# Can't Find Craftsman Router Base Plate



## DucatiTorrey (Oct 4, 2009)

Hey everyone, i am building my first router table, and need a flush mount blas plate for my router,

i have the Craftsman 2 hp Soft Start Fixed Base Router with Electronic Feedback Control, 11 amp router

it has three evenly spaced holes to mount

so, i need a plate, and im really really new to this, any help you can give would amazing


thanks

jim:yes2:


----------



## DucatiTorrey (Oct 4, 2009)

someone mentioned this site
www .oak -park.com

any word on them? they seem unsure about craftsman routers


----------



## bobj3 (Jan 17, 2006)

Hi Jim

You will not find one drilled out for your router,it's to new, so to say you will need to drill one out,,easy stuff use the one on the router now for the pattern..

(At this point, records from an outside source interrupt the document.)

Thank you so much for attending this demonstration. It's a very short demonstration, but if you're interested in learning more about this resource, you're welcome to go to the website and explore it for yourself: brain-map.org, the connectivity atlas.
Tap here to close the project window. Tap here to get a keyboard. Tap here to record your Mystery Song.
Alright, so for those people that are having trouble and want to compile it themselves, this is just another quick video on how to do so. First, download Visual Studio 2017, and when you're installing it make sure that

- Harbor Freight Tools - Quality Tools at the Lowest Prices

make the item below to line up the plate to your router..

a bolt that you cut off some of the threads and the head and cut a disk out of some 1/8" plastic that is held in place with a nuts to the bolt..use a hole saw to make the disk..

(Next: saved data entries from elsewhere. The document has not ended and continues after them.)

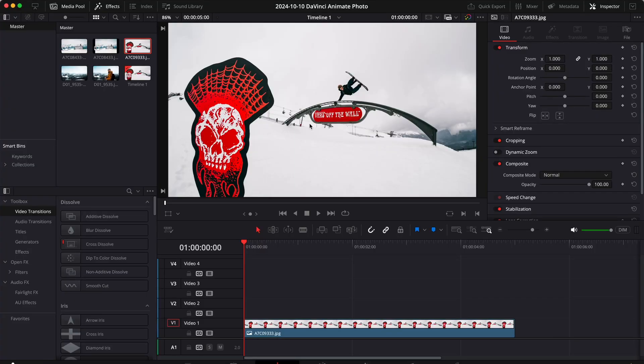There are many ways to achieve this effect, but essentially what you need to do is isolate your subject from your background and then move them separately.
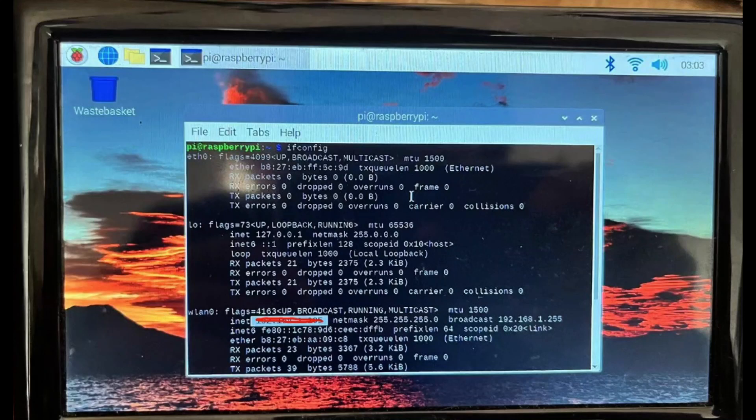How to connect SSH via PuTTY configuration. First, at the Raspberry Pi desktop, enter the Linux command ifconfig. Then press Enter — you will see the LAN0 inet ID as shown in the picture.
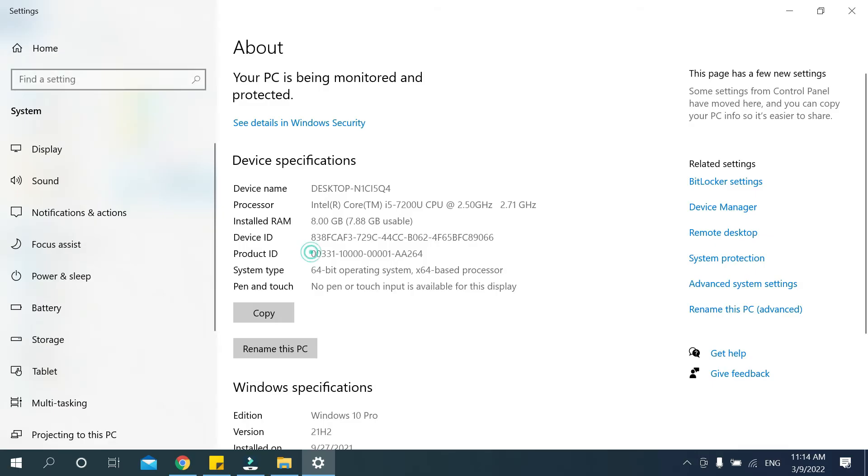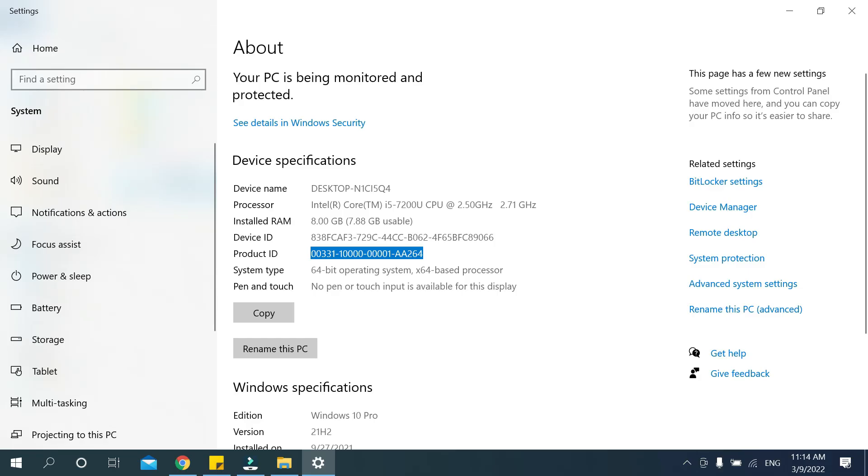So in this way you can check your laptop or desktop product ID or serial number very easily.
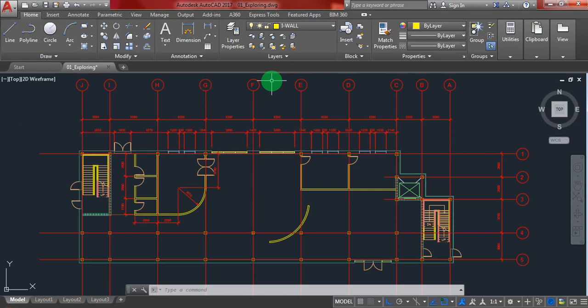When you open an AutoCAD file for the first time, it can be very hard and difficult for beginners because it has so many options and things that you don't know where to begin or even what to do.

I just made two for me just for kicks,see below, took about 30 mins. to make two of them..
1 3/8" and 1 3/4" size..

Below you will also see a simple jig to get the hole saw cut outs right on the button..
They need to be true and dead on, hole saw them out just a little bit bigger then sand them down to the true size. 

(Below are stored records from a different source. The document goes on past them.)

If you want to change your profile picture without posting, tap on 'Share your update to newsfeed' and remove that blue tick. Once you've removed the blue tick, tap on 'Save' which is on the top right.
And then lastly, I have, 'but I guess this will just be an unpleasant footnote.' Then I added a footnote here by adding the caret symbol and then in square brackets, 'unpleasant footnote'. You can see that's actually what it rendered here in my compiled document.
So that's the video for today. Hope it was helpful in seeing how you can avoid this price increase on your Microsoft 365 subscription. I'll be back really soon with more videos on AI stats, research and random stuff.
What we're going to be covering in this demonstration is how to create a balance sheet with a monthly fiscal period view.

NOTE------if you make one besure the bolt you use is a true 1/4" ,many bolts now days are under size with rolled threads,,you don't want to wipe out the router collet nut by using a smaller bolt..

=========



DucatiTorrey said:


> Hey everyone, i am building my first router table, and need a flush mount blas plate for my router,
> 
> i have the Craftsman 2 hp Soft Start Fixed Base Router with Electronic Feedback Control, 11 amp router
> 
> ...


----------



## Twill57 (Jun 8, 2009)

Jigs:
Great tip on the plate centering tool, and the sanding jig as well.


----------



## bobj3 (Jan 17, 2006)

Thanks Tom

The jig can be used on many things like toy wheels,etc.just about anything you want it to be the same size..or smoooooooth 

The line up pin is so simple, it's almost fool proof and works on almost all routers..

The cone point set screws in the picture are used to put in marks to drill the holes for the mounting holes,,,you can make your own with standard set screws ,chuck them in a drill and grind the cup point to a sharp point...then screw them in the router base and use the line up tool and tap the base with a hammer and you have the marks on dead center to drill the holes out..  no guess work...I do recommend drilling the holes a little bit bigger than they need to be so you can move the base plate around to line it up.. 



======

===



Twill57 said:


> Jigs:
> Great tip on the plate centering tool, and the sanding jig as well.


----------